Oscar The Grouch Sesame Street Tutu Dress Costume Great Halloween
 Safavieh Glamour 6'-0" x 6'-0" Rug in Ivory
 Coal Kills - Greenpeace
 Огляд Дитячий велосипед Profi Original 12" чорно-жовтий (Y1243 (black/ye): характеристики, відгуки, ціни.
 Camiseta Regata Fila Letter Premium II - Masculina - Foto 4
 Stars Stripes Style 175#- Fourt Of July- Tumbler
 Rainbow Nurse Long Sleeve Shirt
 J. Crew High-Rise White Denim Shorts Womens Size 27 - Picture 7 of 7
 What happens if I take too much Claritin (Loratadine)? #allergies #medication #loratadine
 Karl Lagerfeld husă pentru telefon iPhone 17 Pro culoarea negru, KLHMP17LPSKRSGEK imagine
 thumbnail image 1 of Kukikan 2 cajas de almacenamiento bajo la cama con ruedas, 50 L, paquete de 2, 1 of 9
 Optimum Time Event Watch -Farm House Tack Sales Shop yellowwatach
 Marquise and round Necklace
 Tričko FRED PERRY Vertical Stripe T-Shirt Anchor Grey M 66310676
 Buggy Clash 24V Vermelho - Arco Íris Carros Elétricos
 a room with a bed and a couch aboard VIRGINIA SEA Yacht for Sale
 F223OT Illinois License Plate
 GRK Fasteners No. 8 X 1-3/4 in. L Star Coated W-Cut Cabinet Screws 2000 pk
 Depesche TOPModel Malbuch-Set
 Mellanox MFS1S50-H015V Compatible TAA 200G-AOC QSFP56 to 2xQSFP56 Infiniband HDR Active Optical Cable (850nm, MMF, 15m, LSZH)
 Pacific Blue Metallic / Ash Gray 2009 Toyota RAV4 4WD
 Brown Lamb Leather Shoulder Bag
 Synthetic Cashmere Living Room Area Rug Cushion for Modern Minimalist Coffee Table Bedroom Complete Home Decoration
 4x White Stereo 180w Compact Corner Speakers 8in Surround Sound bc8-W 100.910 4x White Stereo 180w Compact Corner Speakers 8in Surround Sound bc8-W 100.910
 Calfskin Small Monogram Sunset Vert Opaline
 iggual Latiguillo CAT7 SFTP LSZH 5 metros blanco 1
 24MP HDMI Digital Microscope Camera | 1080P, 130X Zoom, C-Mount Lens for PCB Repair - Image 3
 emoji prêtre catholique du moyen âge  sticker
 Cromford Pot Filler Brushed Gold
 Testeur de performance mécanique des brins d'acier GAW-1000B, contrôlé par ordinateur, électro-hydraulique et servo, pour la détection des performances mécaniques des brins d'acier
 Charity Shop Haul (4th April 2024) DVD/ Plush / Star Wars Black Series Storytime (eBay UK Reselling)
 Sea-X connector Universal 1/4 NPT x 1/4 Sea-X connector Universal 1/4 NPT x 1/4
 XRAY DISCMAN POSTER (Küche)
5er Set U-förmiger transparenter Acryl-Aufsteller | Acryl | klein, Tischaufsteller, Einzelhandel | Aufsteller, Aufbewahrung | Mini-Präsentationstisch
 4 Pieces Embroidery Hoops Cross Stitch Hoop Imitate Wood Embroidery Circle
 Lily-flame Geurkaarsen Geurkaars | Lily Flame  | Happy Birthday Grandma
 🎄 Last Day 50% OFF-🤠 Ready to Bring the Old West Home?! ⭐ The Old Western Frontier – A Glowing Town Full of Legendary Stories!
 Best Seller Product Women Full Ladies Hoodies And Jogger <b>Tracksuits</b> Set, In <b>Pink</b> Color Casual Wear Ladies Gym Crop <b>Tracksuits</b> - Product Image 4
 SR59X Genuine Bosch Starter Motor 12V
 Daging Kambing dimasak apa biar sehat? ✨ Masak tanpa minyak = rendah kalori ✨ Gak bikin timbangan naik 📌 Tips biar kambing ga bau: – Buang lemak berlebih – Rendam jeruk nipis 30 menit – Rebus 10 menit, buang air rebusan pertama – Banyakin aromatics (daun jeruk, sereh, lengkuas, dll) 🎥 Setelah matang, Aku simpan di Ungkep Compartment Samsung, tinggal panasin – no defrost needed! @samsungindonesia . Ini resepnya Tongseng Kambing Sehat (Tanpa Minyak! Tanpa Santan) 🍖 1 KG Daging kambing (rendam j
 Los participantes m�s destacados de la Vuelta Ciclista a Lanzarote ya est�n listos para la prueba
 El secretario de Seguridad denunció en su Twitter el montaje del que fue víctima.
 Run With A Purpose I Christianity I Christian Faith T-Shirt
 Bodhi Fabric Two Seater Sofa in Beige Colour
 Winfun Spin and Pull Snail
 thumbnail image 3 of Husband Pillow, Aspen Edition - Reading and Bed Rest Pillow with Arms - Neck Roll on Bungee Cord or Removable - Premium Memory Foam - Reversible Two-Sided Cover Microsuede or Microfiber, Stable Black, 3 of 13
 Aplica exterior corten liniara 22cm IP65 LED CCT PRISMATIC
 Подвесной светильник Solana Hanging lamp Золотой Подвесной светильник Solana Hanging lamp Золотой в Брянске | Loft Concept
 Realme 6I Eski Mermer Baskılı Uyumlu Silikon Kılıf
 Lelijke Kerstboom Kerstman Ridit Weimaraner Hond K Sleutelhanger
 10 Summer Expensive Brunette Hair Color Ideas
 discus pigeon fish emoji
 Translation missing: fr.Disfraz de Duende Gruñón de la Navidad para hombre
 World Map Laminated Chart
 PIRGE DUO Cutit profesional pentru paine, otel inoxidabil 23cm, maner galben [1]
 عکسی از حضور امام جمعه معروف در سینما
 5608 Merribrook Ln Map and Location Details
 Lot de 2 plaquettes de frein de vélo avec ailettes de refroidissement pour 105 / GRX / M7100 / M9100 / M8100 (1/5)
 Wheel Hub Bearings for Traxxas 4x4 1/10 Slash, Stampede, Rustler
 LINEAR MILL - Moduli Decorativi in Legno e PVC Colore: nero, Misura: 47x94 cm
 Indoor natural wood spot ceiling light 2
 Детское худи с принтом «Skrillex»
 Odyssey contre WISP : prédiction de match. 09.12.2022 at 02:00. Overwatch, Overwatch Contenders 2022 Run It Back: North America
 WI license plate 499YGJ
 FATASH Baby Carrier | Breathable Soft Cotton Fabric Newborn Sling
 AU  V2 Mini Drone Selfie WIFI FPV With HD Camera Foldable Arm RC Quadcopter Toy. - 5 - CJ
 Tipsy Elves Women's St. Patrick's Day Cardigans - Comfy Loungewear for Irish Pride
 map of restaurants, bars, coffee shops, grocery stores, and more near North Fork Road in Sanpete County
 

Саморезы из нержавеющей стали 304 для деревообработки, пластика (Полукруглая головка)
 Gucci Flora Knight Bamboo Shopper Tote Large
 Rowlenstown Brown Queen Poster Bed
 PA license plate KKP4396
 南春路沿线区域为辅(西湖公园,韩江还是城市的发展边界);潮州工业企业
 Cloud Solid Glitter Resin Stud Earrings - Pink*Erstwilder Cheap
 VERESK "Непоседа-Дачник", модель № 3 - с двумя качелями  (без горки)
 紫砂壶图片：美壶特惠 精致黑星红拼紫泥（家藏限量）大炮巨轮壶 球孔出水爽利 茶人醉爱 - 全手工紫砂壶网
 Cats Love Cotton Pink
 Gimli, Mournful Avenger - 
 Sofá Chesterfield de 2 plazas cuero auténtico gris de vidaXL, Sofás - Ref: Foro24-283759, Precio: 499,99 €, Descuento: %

■ Required work ■
The answer must consist of every entry, set down exactly as given.

■ Exercise result ■
Oscar The Grouch Sesame Street Tutu Dress Costume Great Halloween
 Safavieh Glamour 6'-0" x 6'-0" Rug in Ivory
 Coal Kills - Greenpeace
 Огляд Дитячий велосипед Profi Original 12" чорно-жовтий (Y1243 (black/ye): характеристики, відгуки, ціни.
 Camiseta Regata Fila Letter Premium II - Masculina - Foto 4
 Stars Stripes Style 175#- Fourt Of July- Tumbler
 Rainbow Nurse Long Sleeve Shirt
 J. Crew High-Rise White Denim Shorts Womens Size 27 - Picture 7 of 7
 What happens if I take too much Claritin (Loratadine)? #allergies #medication #loratadine
 Karl Lagerfeld husă pentru telefon iPhone 17 Pro culoarea negru, KLHMP17LPSKRSGEK imagine
 thumbnail image 1 of Kukikan 2 cajas de almacenamiento bajo la cama con ruedas, 50 L, paquete de 2, 1 of 9
 Optimum Time Event Watch -Farm House Tack Sales Shop yellowwatach
 Marquise and round Necklace
 Tričko FRED PERRY Vertical Stripe T-Shirt Anchor Grey M 66310676
 Buggy Clash 24V Vermelho - Arco Íris Carros Elétricos
 a room with a bed and a couch aboard VIRGINIA SEA Yacht for Sale
 F223OT Illinois License Plate
 GRK Fasteners No. 8 X 1-3/4 in. L Star Coated W-Cut Cabinet Screws 2000 pk
 Depesche TOPModel Malbuch-Set
 Mellanox MFS1S50-H015V Compatible TAA 200G-AOC QSFP56 to 2xQSFP56 Infiniband HDR Active Optical Cable (850nm, MMF, 15m, LSZH)
 Pacific Blue Metallic / Ash Gray 2009 Toyota RAV4 4WD
 Brown Lamb Leather Shoulder Bag
 Synthetic Cashmere Living Room Area Rug Cushion for Modern Minimalist Coffee Table Bedroom Complete Home Decoration
 4x White Stereo 180w Compact Corner Speakers 8in Surround Sound bc8-W 100.910 4x White Stereo 180w Compact Corner Speakers 8in Surround Sound bc8-W 100.910
 Calfskin Small Monogram Sunset Vert Opaline
 iggual Latiguillo CAT7 SFTP LSZH 5 metros blanco 1
 24MP HDMI Digital Microscope Camera | 1080P, 130X Zoom, C-Mount Lens for PCB Repair - Image 3
 emoji prêtre catholique du moyen âge  sticker
 Cromford Pot Filler Brushed Gold
 Testeur de performance mécanique des brins d'acier GAW-1000B, contrôlé par ordinateur, électro-hydraulique et servo, pour la détection des performances mécaniques des brins d'acier
 Charity Shop Haul (4th April 2024) DVD/ Plush / Star Wars Black Series Storytime (eBay UK Reselling)
 Sea-X connector Universal 1/4 NPT x 1/4 Sea-X connector Universal 1/4 NPT x 1/4
 XRAY DISCMAN POSTER (Küche)
5er Set U-förmiger transparenter Acryl-Aufsteller | Acryl | klein, Tischaufsteller, Einzelhandel | Aufsteller, Aufbewahrung | Mini-Präsentationstisch
 4 Pieces Embroidery Hoops Cross Stitch Hoop Imitate Wood Embroidery Circle
 Lily-flame Geurkaarsen Geurkaars | Lily Flame  | Happy Birthday Grandma
 🎄 Last Day 50% OFF-🤠 Ready to Bring the Old West Home?! ⭐ The Old Western Frontier – A Glowing Town Full of Legendary Stories!
 Best Seller Product Women Full Ladies Hoodies And Jogger <b>Tracksuits</b> Set, In <b>Pink</b> Color Casual Wear Ladies Gym Crop <b>Tracksuits</b> - Product Image 4
 SR59X Genuine Bosch Starter Motor 12V
 Daging Kambing dimasak apa biar sehat? ✨ Masak tanpa minyak = rendah kalori ✨ Gak bikin timbangan naik 📌 Tips biar kambing ga bau: – Buang lemak berlebih – Rendam jeruk nipis 30 menit – Rebus 10 menit, buang air rebusan pertama – Banyakin aromatics (daun jeruk, sereh, lengkuas, dll) 🎥 Setelah matang, Aku simpan di Ungkep Compartment Samsung, tinggal panasin – no defrost needed! @samsungindonesia . Ini resepnya Tongseng Kambing Sehat (Tanpa Minyak! Tanpa Santan) 🍖 1 KG Daging kambing (rendam j
 Los participantes m�s destacados de la Vuelta Ciclista a Lanzarote ya est�n listos para la prueba
 El secretario de Seguridad denunció en su Twitter el montaje del que fue víctima.
 Run With A Purpose I Christianity I Christian Faith T-Shirt
 Bodhi Fabric Two Seater Sofa in Beige Colour
 Winfun Spin and Pull Snail
 thumbnail image 3 of Husband Pillow, Aspen Edition - Reading and Bed Rest Pillow with Arms - Neck Roll on Bungee Cord or Removable - Premium Memory Foam - Reversible Two-Sided Cover Microsuede or Microfiber, Stable Black, 3 of 13
 Aplica exterior corten liniara 22cm IP65 LED CCT PRISMATIC
 Подвесной светильник Solana Hanging lamp Золотой Подвесной светильник Solana Hanging lamp Золотой в Брянске | Loft Concept
 Realme 6I Eski Mermer Baskılı Uyumlu Silikon Kılıf
 Lelijke Kerstboom Kerstman Ridit Weimaraner Hond K Sleutelhanger
 10 Summer Expensive Brunette Hair Color Ideas
 discus pigeon fish emoji
 Translation missing: fr.Disfraz de Duende Gruñón de la Navidad para hombre
 World Map Laminated Chart
 PIRGE DUO Cutit profesional pentru paine, otel inoxidabil 23cm, maner galben [1]
 عکسی از حضور امام جمعه معروف در سینما
 5608 Merribrook Ln Map and Location Details
 Lot de 2 plaquettes de frein de vélo avec ailettes de refroidissement pour 105 / GRX / M7100 / M9100 / M8100 (1/5)
 Wheel Hub Bearings for Traxxas 4x4 1/10 Slash, Stampede, Rustler
 LINEAR MILL - Moduli Decorativi in Legno e PVC Colore: nero, Misura: 47x94 cm
 Indoor natural wood spot ceiling light 2
 Детское худи с принтом «Skrillex»
 Odyssey contre WISP : prédiction de match. 09.12.2022 at 02:00. Overwatch, Overwatch Contenders 2022 Run It Back: North America
 WI license plate 499YGJ
 FATASH Baby Carrier | Breathable Soft Cotton Fabric Newborn Sling
 AU  V2 Mini Drone Selfie WIFI FPV With HD Camera Foldable Arm RC Quadcopter Toy. - 5 - CJ
 Tipsy Elves Women's St. Patrick's Day Cardigans - Comfy Loungewear for Irish Pride
 map of restaurants, bars, coffee shops, grocery stores, and more near North Fork Road in Sanpete County
 

Саморезы из нержавеющей стали 304 для деревообработки, пластика (Полукруглая головка)
 Gucci Flora Knight Bamboo Shopper Tote Large
 Rowlenstown Brown Queen Poster Bed
 PA license plate KKP4396
 南春路沿线区域为辅(西湖公园,韩江还是城市的发展边界);潮州工业企业
 Cloud Solid Glitter Resin Stud Earrings - Pink*Erstwilder Cheap
 VERESK "Непоседа-Дачник", модель № 3 - с двумя качелями  (без горки)
 紫砂壶图片：美壶特惠 精致黑星红拼紫泥（家藏限量）大炮巨轮壶 球孔出水爽利 茶人醉爱 - 全手工紫砂壶网
 Cats Love Cotton Pink
 Gimli, Mournful Avenger - 
 Sofá Chesterfield de 2 plazas cuero auténtico gris de vidaXL, Sofás - Ref: Foro24-283759, Precio: 499,99 €, Descuento: %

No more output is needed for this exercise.